The XPARE tools are designed to compliment an already existing correctness and (minimal) performance testing harness for the ASCI C-SAFE Uintah project. However, the performance measurements employed there use only total execution time analyses. The regression testing against prior execution runs, while able to detect significant performance changes, are unable to provide detailed performance information that could be used to identify the program component(s) most responsible. Instead, XPARE utilizes performance experiments instrumented for a wider range of performance measurements, as offered by the TAU system (The University of Oregon's Tuning and Analysis Utilities). Detailed profiled data captured for all significant events of interest, as specified by C-SAFE Uintah developers, now generates a significantly greater performance space for regression analysis and performance study.

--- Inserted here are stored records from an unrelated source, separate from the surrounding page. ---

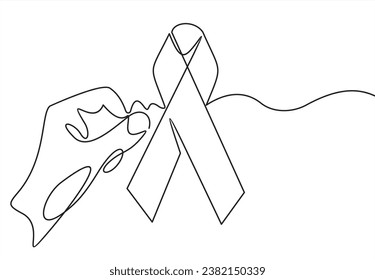 Continuous one line drawing hands holding ribbon and giving support to fight against cancer. World cancer day concept. Single line draw design vector graphic illustration.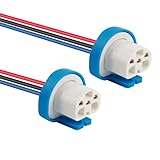 2PCS Headlight Wiring Harness,9007 9004 HB1 HB5 3 Pin Ceramic Headlight Connector Plug Replacement,Universal High Tempreture Resistant Headlights Socket Car Accessories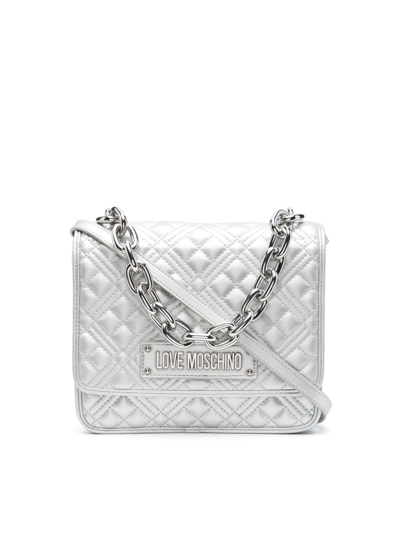 Love Moschino Quilted Crossbody In Silver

The operational framework of XPARE consists of five parts:
The experiment launcher frontend can be used manually to conduct experiments and produce performance data as well as in the automated setting. It is capable of configuring, compiling, and executing performance experiments, using batch systems utilities. The results transporter is responsible for sending the performance profile data from the suite of experiments to the remote site where the performance database resides. Performance data is sent via email to provide fault-tolerance in the case of an unavailable server and for easy configuration of both the client and server, no additional server or ports need be set up. Upon receipt, the performance database manager stores the profile data properly with meta-information describing the experimental context. The performance reporter is a web interface that provides access to the database and displays cross- and inter-experiment performance results in graphical forms. An easy to use configuration tool for alerting mechanisms allows the user to define thresholds for performance benchmarks for a given experiment setup. When regression analysis of a performance dataset determines that these thresholds have been exceeded, the alerting component notifies the corresponding parties of the violation.
The C-SAFE / Uintah testing system runs weekly using the batch systems at the Los Alamos National Laboratory. A suite of scaling experiments are performed. In addition to complementing the current regression testing system, as described above, we are using XPARE as the foundation for assembling a database of performance data to be used in future internal reviews of the the C-SAFE / Uintah software engineering process. The XPARE-generated reporting mechanism will also be important in presenting a historical performance perspective for ASCI Level 1 center reviews.